Exercise =
Copy out all of the records. Keep every word exact.

Data shown =
== Segment start ==
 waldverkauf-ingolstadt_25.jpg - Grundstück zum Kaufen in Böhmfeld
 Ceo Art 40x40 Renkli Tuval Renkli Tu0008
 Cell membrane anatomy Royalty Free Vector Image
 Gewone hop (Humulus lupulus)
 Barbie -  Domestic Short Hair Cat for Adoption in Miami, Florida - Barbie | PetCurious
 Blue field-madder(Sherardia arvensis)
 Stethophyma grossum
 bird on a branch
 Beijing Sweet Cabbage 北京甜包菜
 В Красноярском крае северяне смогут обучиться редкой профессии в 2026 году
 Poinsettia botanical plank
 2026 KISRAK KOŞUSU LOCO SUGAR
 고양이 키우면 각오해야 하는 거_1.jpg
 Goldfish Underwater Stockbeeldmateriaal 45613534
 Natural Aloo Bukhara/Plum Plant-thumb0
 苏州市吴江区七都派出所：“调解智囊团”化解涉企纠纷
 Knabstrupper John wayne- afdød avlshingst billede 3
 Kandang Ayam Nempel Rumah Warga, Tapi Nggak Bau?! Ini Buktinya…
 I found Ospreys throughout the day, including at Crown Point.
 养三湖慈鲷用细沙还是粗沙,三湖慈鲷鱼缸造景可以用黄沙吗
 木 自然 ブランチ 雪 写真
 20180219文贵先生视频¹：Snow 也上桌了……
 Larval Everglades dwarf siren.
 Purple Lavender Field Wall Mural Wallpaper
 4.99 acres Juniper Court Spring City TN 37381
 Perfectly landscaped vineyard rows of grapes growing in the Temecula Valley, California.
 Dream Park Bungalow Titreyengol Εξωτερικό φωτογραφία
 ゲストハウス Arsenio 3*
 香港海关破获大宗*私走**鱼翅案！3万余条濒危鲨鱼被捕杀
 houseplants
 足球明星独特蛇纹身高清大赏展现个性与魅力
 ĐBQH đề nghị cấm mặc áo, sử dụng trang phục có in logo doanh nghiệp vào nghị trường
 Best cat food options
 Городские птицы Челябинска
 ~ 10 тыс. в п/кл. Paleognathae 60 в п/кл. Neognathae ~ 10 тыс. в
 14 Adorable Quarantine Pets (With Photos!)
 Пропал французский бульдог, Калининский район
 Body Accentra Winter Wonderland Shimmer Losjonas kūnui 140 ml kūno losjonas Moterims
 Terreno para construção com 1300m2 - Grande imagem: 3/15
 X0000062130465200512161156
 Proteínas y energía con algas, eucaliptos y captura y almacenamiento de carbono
== Segment end ==
Solution for this exercise =
 waldverkauf-ingolstadt_25.jpg - Grundstück zum Kaufen in Böhmfeld
 Ceo Art 40x40 Renkli Tuval Renkli Tu0008
 Cell membrane anatomy Royalty Free Vector Image
 Gewone hop (Humulus lupulus)
 Barbie -  Domestic Short Hair Cat for Adoption in Miami, Florida - Barbie | PetCurious
 Blue field-madder(Sherardia arvensis)
 Stethophyma grossum
 bird on a branch
 Beijing Sweet Cabbage 北京甜包菜
 В Красноярском крае северяне смогут обучиться редкой профессии в 2026 году
 Poinsettia botanical plank
 2026 KISRAK KOŞUSU LOCO SUGAR
 고양이 키우면 각오해야 하는 거_1.jpg
 Goldfish Underwater Stockbeeldmateriaal 45613534
 Natural Aloo Bukhara/Plum Plant-thumb0
 苏州市吴江区七都派出所：“调解智囊团”化解涉企纠纷
 Knabstrupper John wayne- afdød avlshingst billede 3
 Kandang Ayam Nempel Rumah Warga, Tapi Nggak Bau?! Ini Buktinya…
 I found Ospreys throughout the day, including at Crown Point.
 养三湖慈鲷用细沙还是粗沙,三湖慈鲷鱼缸造景可以用黄沙吗
 木 自然 ブランチ 雪 写真
 20180219文贵先生视频¹：Snow 也上桌了……
 Larval Everglades dwarf siren.
 Purple Lavender Field Wall Mural Wallpaper
 4.99 acres Juniper Court Spring City TN 37381
 Perfectly landscaped vineyard rows of grapes growing in the Temecula Valley, California.
 Dream Park Bungalow Titreyengol Εξωτερικό φωτογραφία
 ゲストハウス Arsenio 3*
 香港海关破获大宗*私走**鱼翅案！3万余条濒危鲨鱼被捕杀
 houseplants
 足球明星独特蛇纹身高清大赏展现个性与魅力
 ĐBQH đề nghị cấm mặc áo, sử dụng trang phục có in logo doanh nghiệp vào nghị trường
 Best cat food options
 Городские птицы Челябинска
 ~ 10 тыс. в п/кл. Paleognathae 60 в п/кл. Neognathae ~ 10 тыс. в
 14 Adorable Quarantine Pets (With Photos!)
 Пропал французский бульдог, Калининский район
 Body Accentra Winter Wonderland Shimmer Losjonas kūnui 140 ml kūno losjonas Moterims
 Terreno para construção com 1300m2 - Grande imagem: 3/15
 X0000062130465200512161156
 Proteínas y energía con algas, eucaliptos y captura y almacenamiento de carbono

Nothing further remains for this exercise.